## What is required
After the line containing "Surrounded by luxury", write nothing more; before it, reproduce every line of the material below exactly, starting with the first.

## Source information
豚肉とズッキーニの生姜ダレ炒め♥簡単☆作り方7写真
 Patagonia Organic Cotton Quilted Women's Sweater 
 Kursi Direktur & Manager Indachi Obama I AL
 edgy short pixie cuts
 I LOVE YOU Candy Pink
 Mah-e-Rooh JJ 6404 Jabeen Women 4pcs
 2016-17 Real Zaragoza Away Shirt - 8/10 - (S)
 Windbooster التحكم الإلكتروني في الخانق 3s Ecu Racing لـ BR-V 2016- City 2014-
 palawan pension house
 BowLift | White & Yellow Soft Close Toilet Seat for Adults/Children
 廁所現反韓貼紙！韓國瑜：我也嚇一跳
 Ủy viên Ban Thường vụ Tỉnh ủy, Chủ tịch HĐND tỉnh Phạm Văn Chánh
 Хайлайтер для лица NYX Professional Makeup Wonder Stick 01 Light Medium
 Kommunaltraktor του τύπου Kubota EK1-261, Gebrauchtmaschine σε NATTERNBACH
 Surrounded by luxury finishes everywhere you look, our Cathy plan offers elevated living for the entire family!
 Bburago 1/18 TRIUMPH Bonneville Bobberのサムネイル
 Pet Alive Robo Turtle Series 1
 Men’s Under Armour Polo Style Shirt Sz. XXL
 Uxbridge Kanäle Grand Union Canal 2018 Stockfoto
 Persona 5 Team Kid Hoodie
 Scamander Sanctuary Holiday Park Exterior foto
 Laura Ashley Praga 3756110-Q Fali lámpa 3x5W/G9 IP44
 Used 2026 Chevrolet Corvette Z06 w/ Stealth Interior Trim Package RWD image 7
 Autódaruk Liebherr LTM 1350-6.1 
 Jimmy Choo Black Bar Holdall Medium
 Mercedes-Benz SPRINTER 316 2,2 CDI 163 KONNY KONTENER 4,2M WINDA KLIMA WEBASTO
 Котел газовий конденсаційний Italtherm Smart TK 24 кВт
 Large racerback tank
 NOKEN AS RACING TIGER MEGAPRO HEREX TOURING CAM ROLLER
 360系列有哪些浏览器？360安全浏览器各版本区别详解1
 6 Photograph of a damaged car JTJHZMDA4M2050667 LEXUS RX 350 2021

## Output of the exercise
豚肉とズッキーニの生姜ダレ炒め♥簡単☆作り方7写真
 Patagonia Organic Cotton Quilted Women's Sweater 
 Kursi Direktur & Manager Indachi Obama I AL
 edgy short pixie cuts
 I LOVE YOU Candy Pink
 Mah-e-Rooh JJ 6404 Jabeen Women 4pcs
 2016-17 Real Zaragoza Away Shirt - 8/10 - (S)
 Windbooster التحكم الإلكتروني في الخانق 3s Ecu Racing لـ BR-V 2016- City 2014-
 palawan pension house
 BowLift | White & Yellow Soft Close Toilet Seat for Adults/Children
 廁所現反韓貼紙！韓國瑜：我也嚇一跳
 Ủy viên Ban Thường vụ Tỉnh ủy, Chủ tịch HĐND tỉnh Phạm Văn Chánh
 Хайлайтер для лица NYX Professional Makeup Wonder Stick 01 Light Medium
 Kommunaltraktor του τύπου Kubota EK1-261, Gebrauchtmaschine σε NATTERNBACH
 Surrounded by luxury finishes everywhere you look, our Cathy plan offers elevated living for the entire family!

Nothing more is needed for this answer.